04 September 2015

Final Remand

No. 0834 - 26 May 2015 - 20:51:12

I have yet to count the actual estimated number of pictures taken of this project which I named PALIMPSEST but it probably ranges between 100 and 200 thousand images that rest quietly on an external hard drive.  The documentation of this public process was made possible by two DTES Small Arts Grants, generously funded by the Vancouver Foundation.  In it I photographed the conversion of the Richard Henriquez design for housing prisoners at the BC Courts into the re-design, by his son Gregory, of social/market housing for residents.
The three year project was located on the St. James' Anglican bell tower's western deck and utilized various handheld cameras and digital apps.  The image above was composed with an iPod camera, a landscape-stitcher with a final crop in iPhoto. 
The repetitive exposure to this particular point of view led to the development of additional perspectives.  The body of the edifice I perched upon became more significant, demanding inclusion in all of the images other than the standard documentary shots taken with an SLR camera at every session.  My own creative connection to the architecture notwithstanding I recognized the intrinsic pull of St.
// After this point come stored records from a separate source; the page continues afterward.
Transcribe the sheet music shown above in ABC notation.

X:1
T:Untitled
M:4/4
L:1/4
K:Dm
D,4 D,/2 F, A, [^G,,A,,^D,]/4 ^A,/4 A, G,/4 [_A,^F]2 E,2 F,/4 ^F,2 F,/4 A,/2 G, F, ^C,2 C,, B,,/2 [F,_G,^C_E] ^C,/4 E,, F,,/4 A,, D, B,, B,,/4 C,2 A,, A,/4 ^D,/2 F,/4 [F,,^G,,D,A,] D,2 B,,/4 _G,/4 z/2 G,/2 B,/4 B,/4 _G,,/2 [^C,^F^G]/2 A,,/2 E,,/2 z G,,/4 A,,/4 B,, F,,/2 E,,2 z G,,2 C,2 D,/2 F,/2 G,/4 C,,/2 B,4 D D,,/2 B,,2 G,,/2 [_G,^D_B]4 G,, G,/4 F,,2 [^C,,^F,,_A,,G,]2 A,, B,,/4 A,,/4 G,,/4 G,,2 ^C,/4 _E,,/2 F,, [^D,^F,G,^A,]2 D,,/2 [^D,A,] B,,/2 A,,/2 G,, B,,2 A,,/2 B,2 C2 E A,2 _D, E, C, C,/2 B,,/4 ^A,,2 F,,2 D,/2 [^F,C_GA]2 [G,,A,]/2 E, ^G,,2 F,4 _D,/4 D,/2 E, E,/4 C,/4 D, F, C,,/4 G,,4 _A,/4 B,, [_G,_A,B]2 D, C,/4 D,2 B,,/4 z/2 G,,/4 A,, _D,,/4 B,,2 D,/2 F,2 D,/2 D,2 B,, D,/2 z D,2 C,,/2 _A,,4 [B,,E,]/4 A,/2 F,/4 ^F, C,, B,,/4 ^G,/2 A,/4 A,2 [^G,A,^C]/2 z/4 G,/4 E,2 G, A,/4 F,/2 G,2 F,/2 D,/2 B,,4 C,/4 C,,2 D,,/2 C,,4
James' physical impact.  But it wasn't alone in affecting a view that includes the Burrard Inlet and North Shore mountains, the urban core, industry and re-development and the eternal components of wildlife, weather, seasonal flux and the sky itself.
The final piece of this project entails archiving PALIMPSEST to its own website.  By now, the residents have moved in and the building lives on its own again.  It now provides a positive opportunity for a neighbourhood that has too-long languished in aggressive obscurity.